Given the necessary role of mining in providing the materials needed to transition to a clean energy system, finding greener methods of producing and processing these materials has gained new emphasis and multiple research projects are already underway across the state to develop modern energy systems. One such facility conducting research is the University of Adelaide, and Professor Michael Goodsite, director of IEP Energy Mining & Resources at the university, says that development of these technologies will have knock-on beneficial impacts in sectors across the state. 

“The state has a very clear vision to move towards renewable energy,” Goodsite says. “This is not just for the benefit of their own operations, but because they’re able to translate whatever they learn to other sectors.

“For example, mining electrification is a significant target for us.  The electrification of society actually acts as an enabler of emissions reductions and the more we electrify our transport options, the easier it will be to bring this over into a sector like agriculture. Electrification can also lead to other benefits such as automation, robotics, more efficient control, and safer operations.”

With research well underway to fulfill the state’s renewable dreams, and government action following suit, it’s worth asking what’s preventing South Australia from skyrocketing to the forefront of a clean industry. 

What’s standing in the way of South Australia?

While optimism is high for South Australia’s upcoming mining industry, issues remain in meeting its full potential. One such problem highlighted by Goodsite is the dwindling interest from younger generations in pursuing the subject. 

“One of the concerns I have for the sector, not just in Australia but also globally, is the reluctance of young talent to be part of national and global solutions,” he says. “For example, I think it’s important for society to update its image of what it means to be a mining engineer, because this is a profession that has significantly changed. Update it from someone with a pick and an axe to one that’s working with high tech, enabling the use of new modern energy systems.

“It is important that people encourage bright young minds to enter a sector that society relies on. We really need people to continue to push the envelope as we move towards even greater sustainable solutions to get the resources we all need to prosper in harmony with the environment.”

In addition to increasing the industry’s attraction to young professionals, another element for change is transmission infrastructure. A report by climate economist Professor Ross Garnaut,‘South Australia’s Climate Change Challenges and Opportunities’, says that the biggest constraint on renewables expansion is ‘in planning and regulating the transmission and distribution network’. Indeed, in previous years, projects that gained approval failed to get off the ground due to a lack of connectivity.

Yet belief that these issues can be tackled seems strong, with Garnaut saying that South Australia is better equipped than any other Australian state to meet the challenges of climate change and, similarly, Goodsite expressed his optimism at the state’s renewable potential.

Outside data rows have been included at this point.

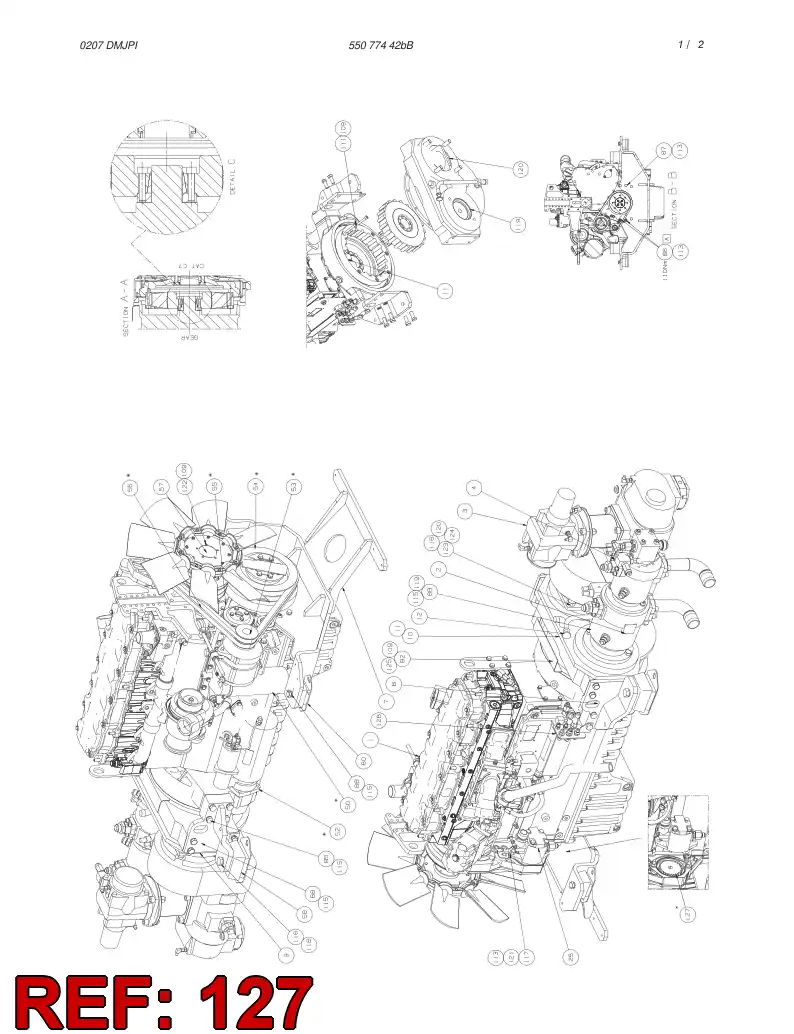 87135959 871 359 59 Gear - Sandvik Technical Drawing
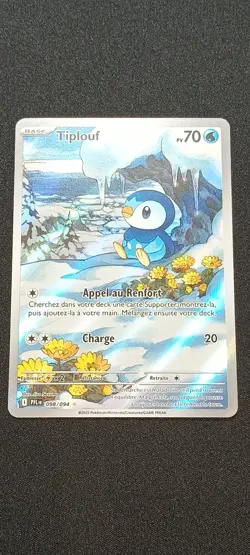 Tiplouf 098/094 AR (1) Carte Pokemon Flam. Fantasmagoriques PLF FR - VF NM/NEUVE - Image 1
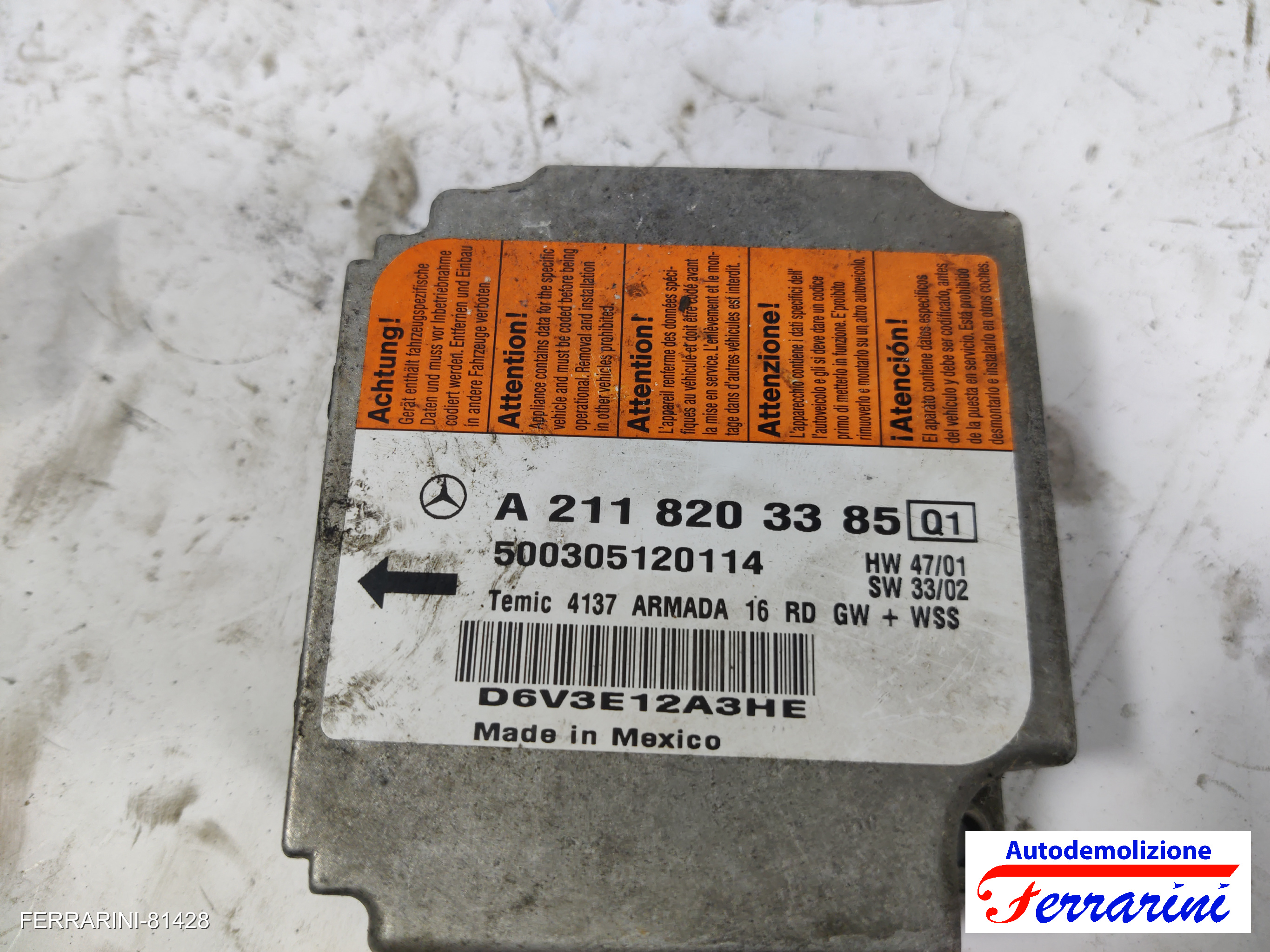 Centralina Airbag 2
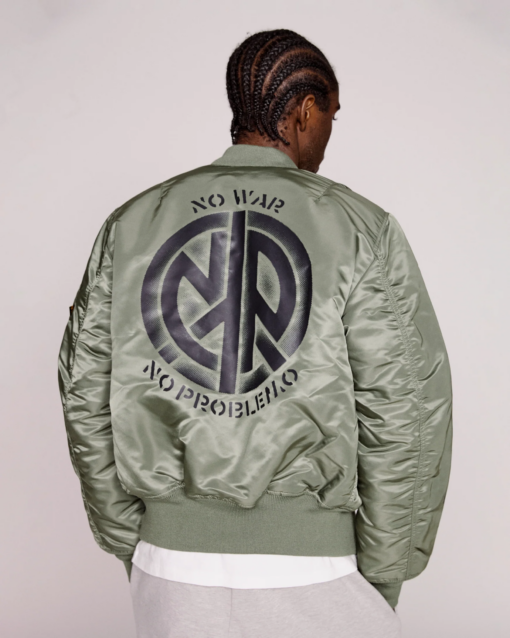 NO PROBLEMO X ALPHA INDUSTRIES  Bomber MA-1 Green
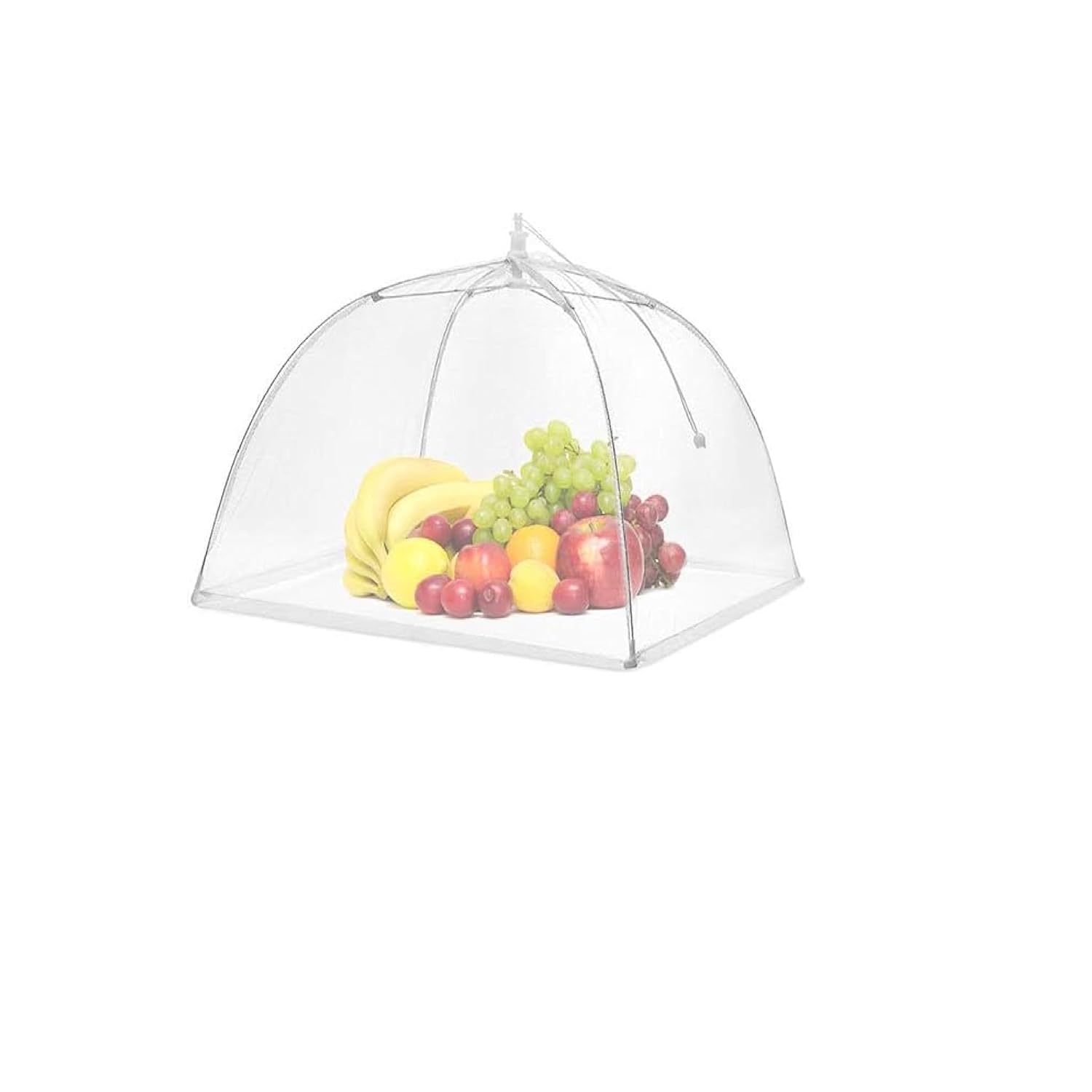 JAGDIV Food Mesh Tents Umbrella Cover Foldable Collapsible Reusable Mesh Food Covers for Picnic Camping Parties BBQs (Pack of 1)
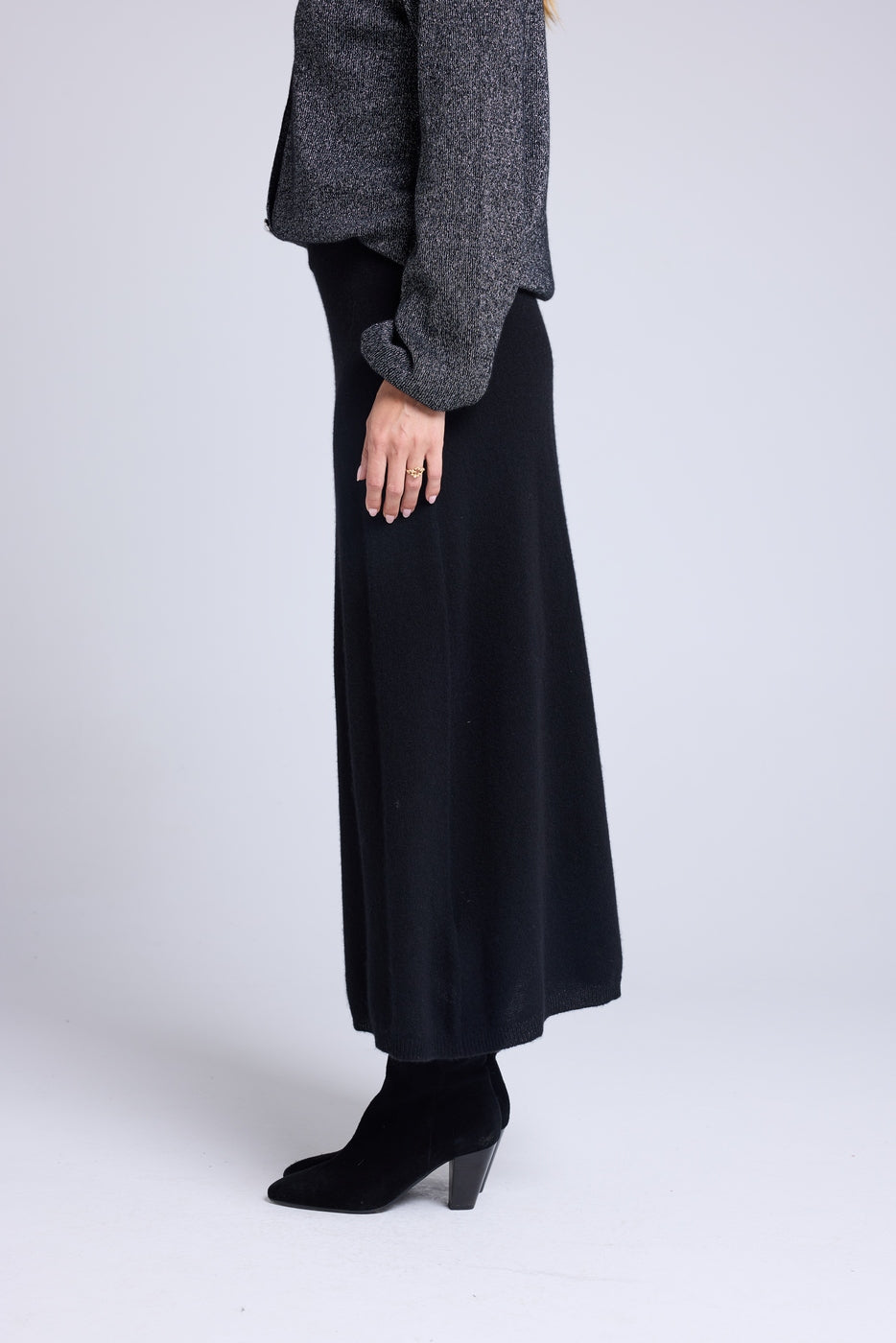 Long Joyce Skirt - Black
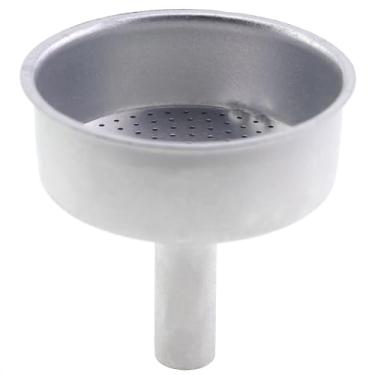 Imagem de CChiai Funil de panela de café, funil de substituição, funil de pó de moka, acessório de funil de substituição para cafeteira Moka, funil de substituição, 2 xícaras, filtro de funil de alumínio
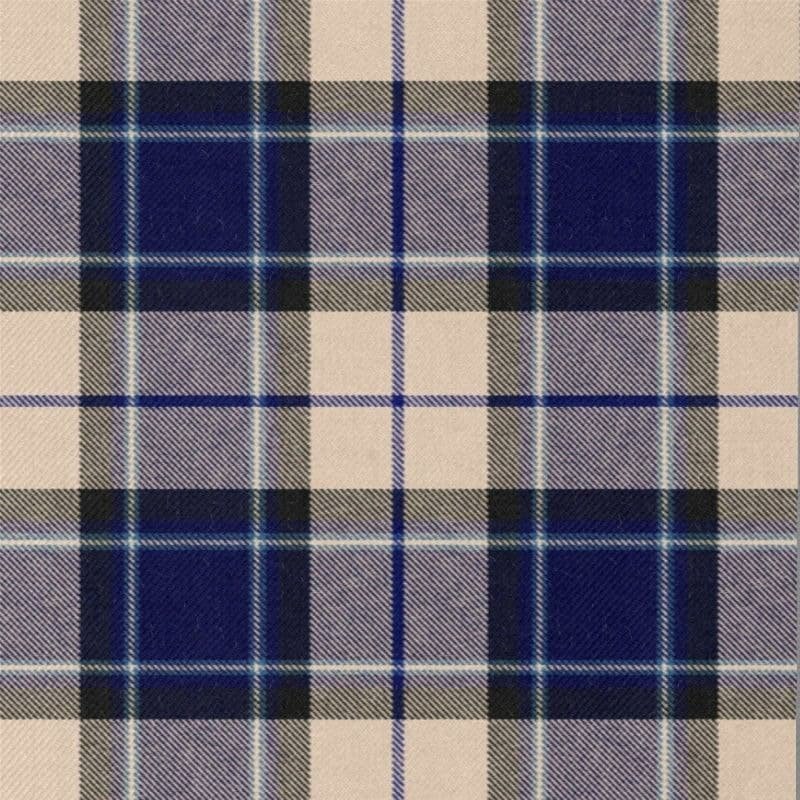 Comrie Navy Blue tartan swatch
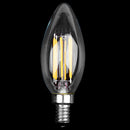 Dimmable E12 6W COB Edison Candle Flame Filament LED Light Bulb Lamp 10*3.5 N1N9
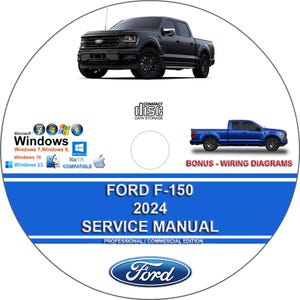 Ford F-150 2024 Factory Workshop Service Repair Manual + Wiring Diagrams F150 on CD
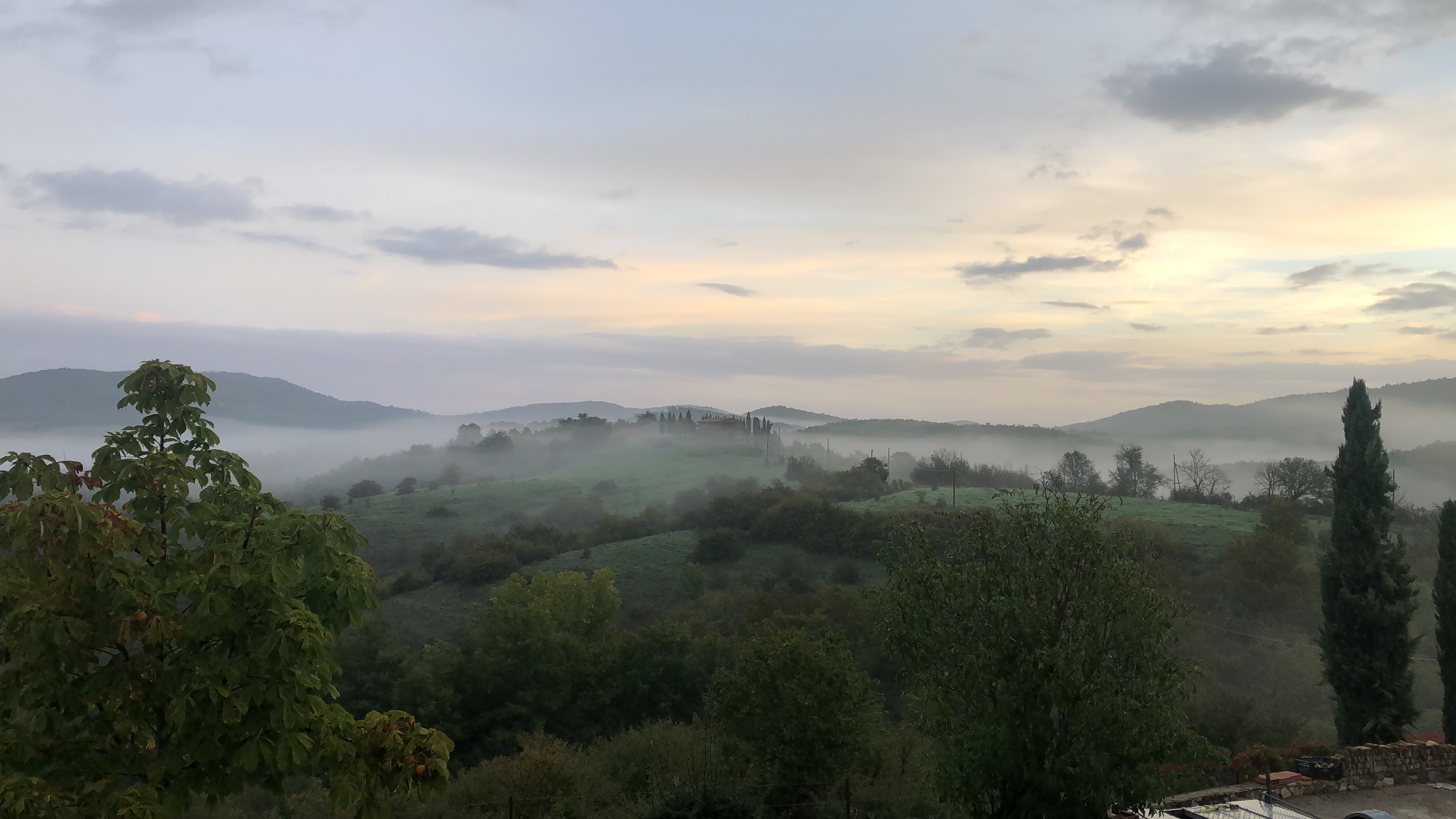 Fog over the hills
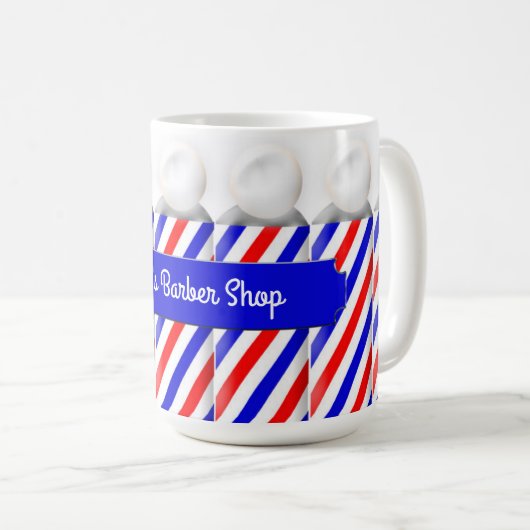 Barber Shop Pole Mok - Personaliseer Jouw naam (Voorkant rechts)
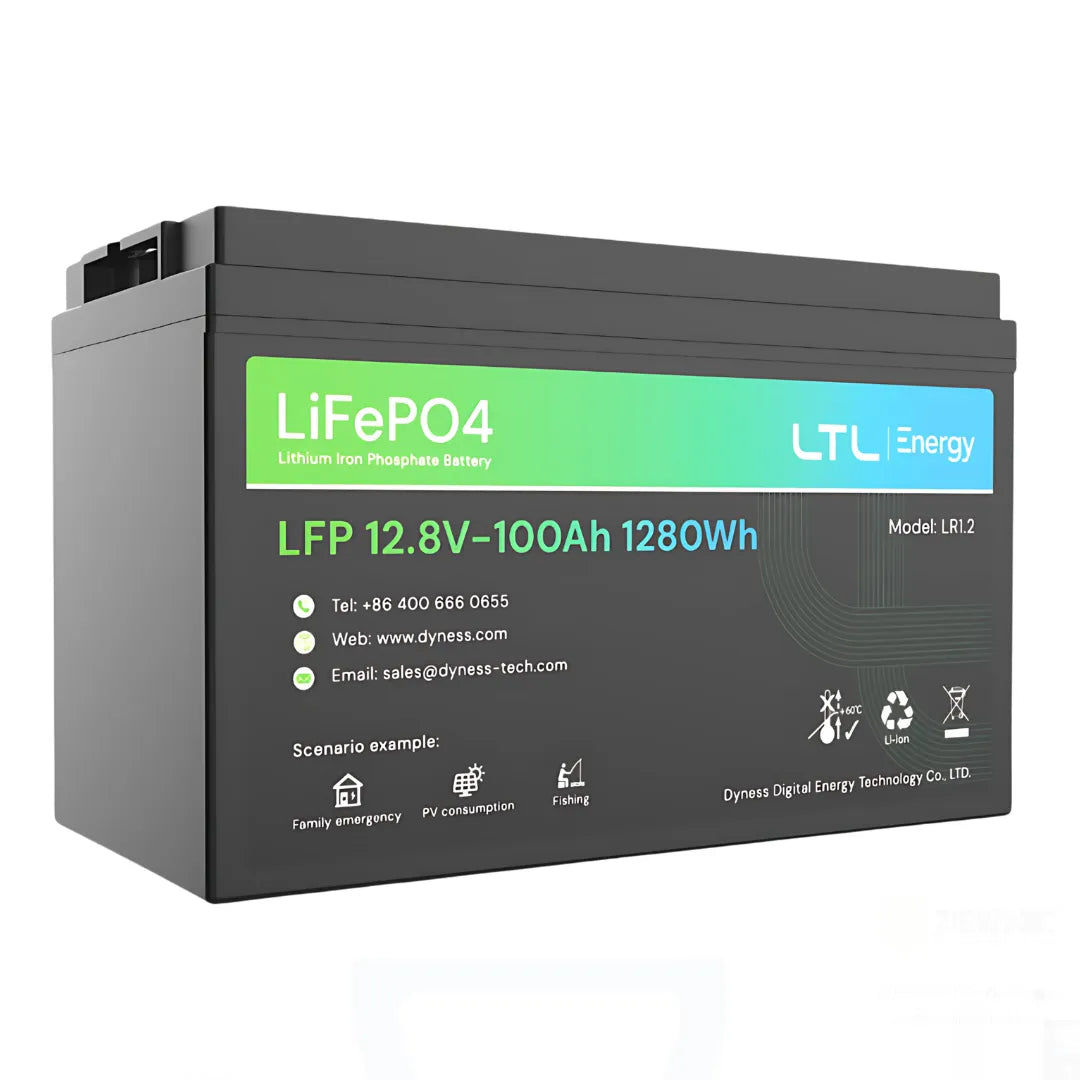 REVOLT BY DYNESS LITHIUM ION BATTERY 12.8 V 100 AH 1.28 kWh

“The mining industry is essential to the state and national economy, and is the driver towards a low carbon future,” he says. “It is also undergoing a transformation in the way it operates and the people who work in it. This is an exciting time, with challenges and enormous opportunities. There is no better place than South Australia to drive it, because we lead the world in renewables, and have vast mineral resources right where the renewable energy is.”

With the right investments and emphasis on renewable tech developments, there is little standing in the way of South Australia’s mining and minerals industry going from strength to strength. The recent strategy is a clear indication that governing priorities are aligning with industry needs in the creation of a green state, and showcases a growing drive to combine environmental practice with mining development.